John Kaizan Neptune (born November 13, 1951, in Oakland, California, United States) is an American player and builder of the shakuhachi (Japanese bamboo flute). He is known particularly for his use of the instrument in non-traditional contexts, such as jazz and cross-cultural music.

Neptune studied ethnomusicology at the University of Hawaii, where he began to study the shakuhachi with a Japanese Buddhist priest in 1971. In 1973, he continued his shakuhachi studies in Kyoto, Japan, returning after one year to Honolulu to complete a degree in ethnomusicology. Following his graduation, he traveled again to Kyoto for several more years of intensive study, and in March 1977 he received the "shi-han," or master's certificate, in the Tozan School of Shakuhachi. At that time he was awarded the honorary name "Kaizan," which means Sea Mountain. He lives in Japan.

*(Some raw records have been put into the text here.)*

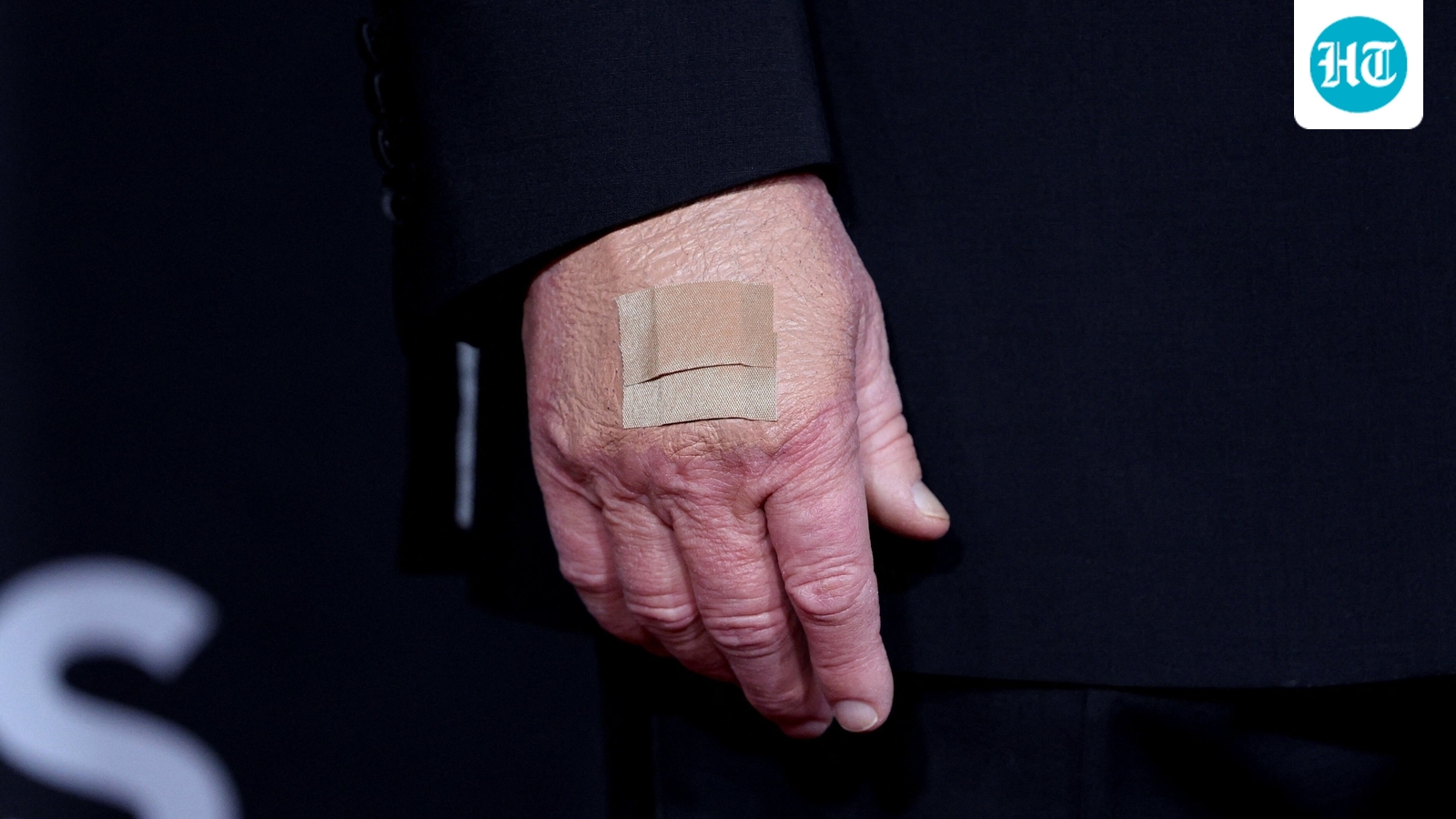 Trump health concerns: POTUS seen with bandaged right hand at Kennedy Center Honors dinner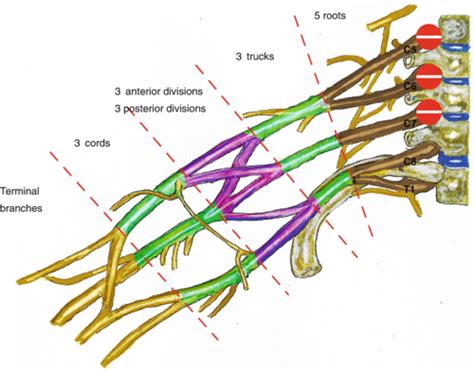 Msk Upper Limb Trama Flashcards Quizlet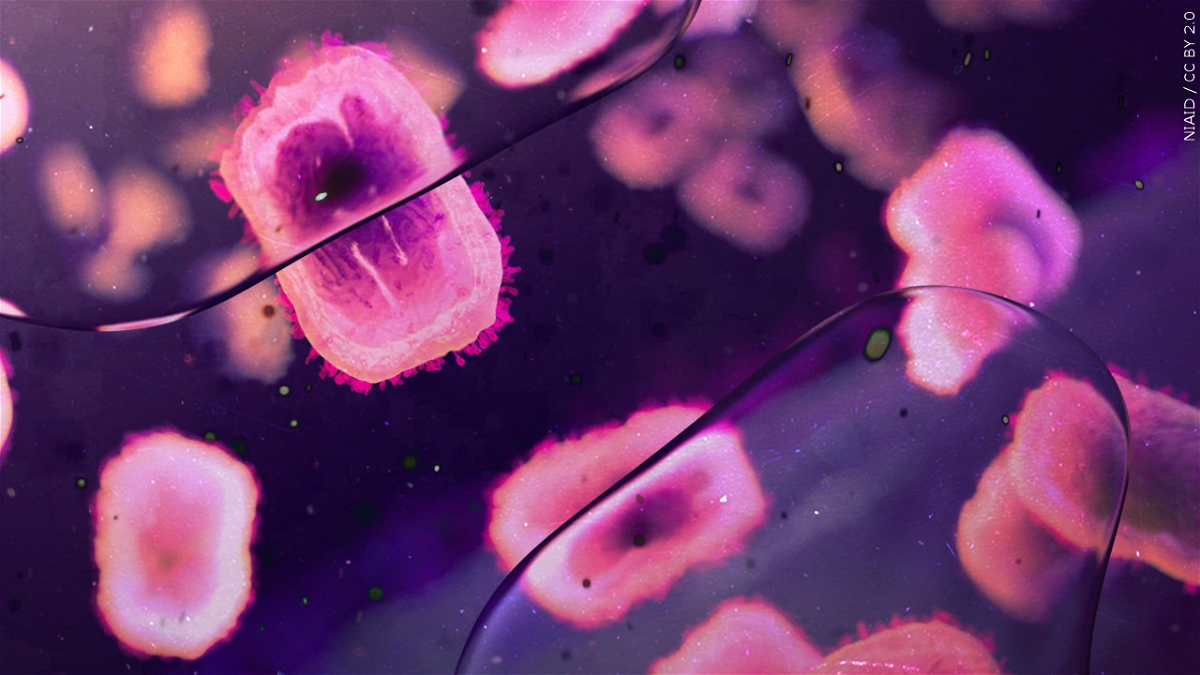 Santa Barbara County Discovers Mpox in Wastewater Sample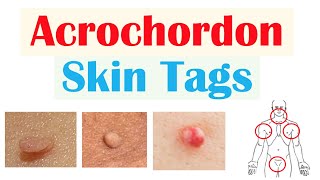 Skin Tags Acrochordons  Causes Risk Factors Symptoms Diagnosis Treatment [upl. by Veradis561]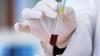 What Is Artificial Blood? Know All About the Universally Compatible Lab-Made Blood Substitute Developed by Scientists in Japan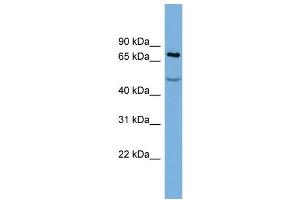 WB Suggested Anti-STIM1  Antibody Titration: 0. (STIM1 抗体  (Middle Region))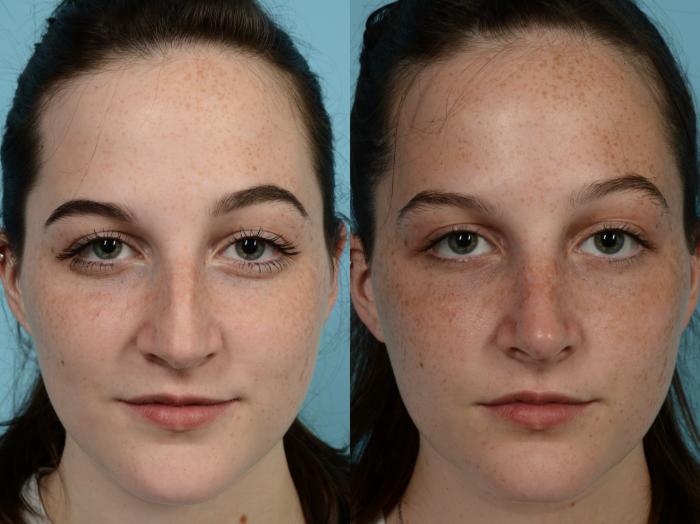 Before & After Rhinoplasty by Dr. Mustoe Case 626 Front View in Chicago, IL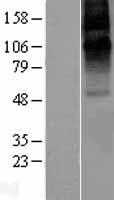 GABRE Protein - Western validation with an anti-DDK antibody * L: Control HEK293 lysate R: Over-expression lysate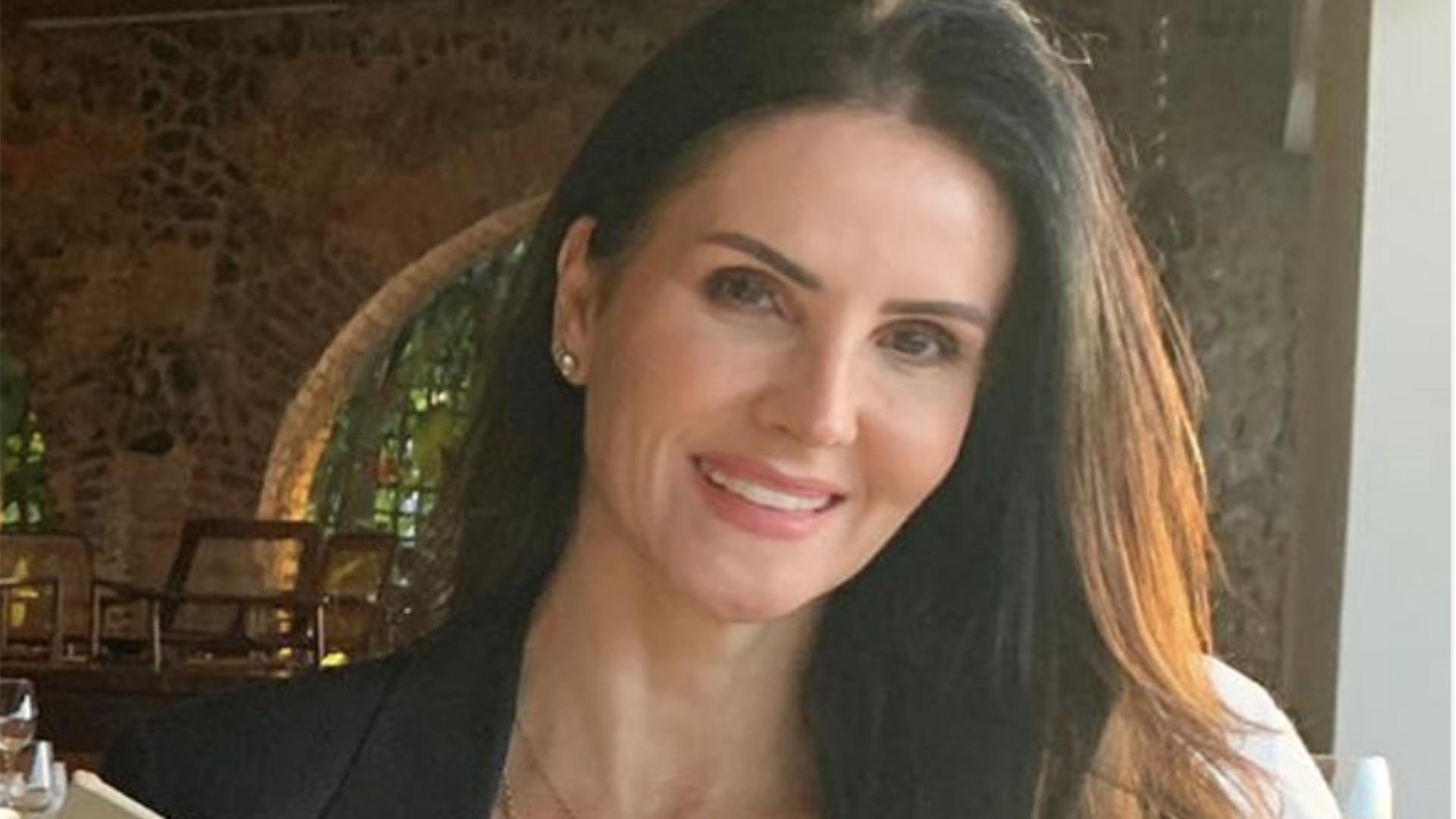 Lisandra Souto revela que fez transplante de sobrancelha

Neptune has performed in North America, Europe, Australia, and Asia and recorded more than 20 albums with a variety of musicians. As a non-Japanese playing a Japanese traditional instrument, Neptune has attracted much interest from the Japanese public. His third recording, entitled Bamboo, was named Outstanding Album of the Year for 1980 by the Cultural Affairs Agency of the Japanese Ministry of Education, the first time a jazz recording or foreign artist had been so honored.

He also makes shakuhachi and other bamboo instruments at his home workshop in the Japanese countryside.

John Kaizan Neptune has recorded 21 records since 1979.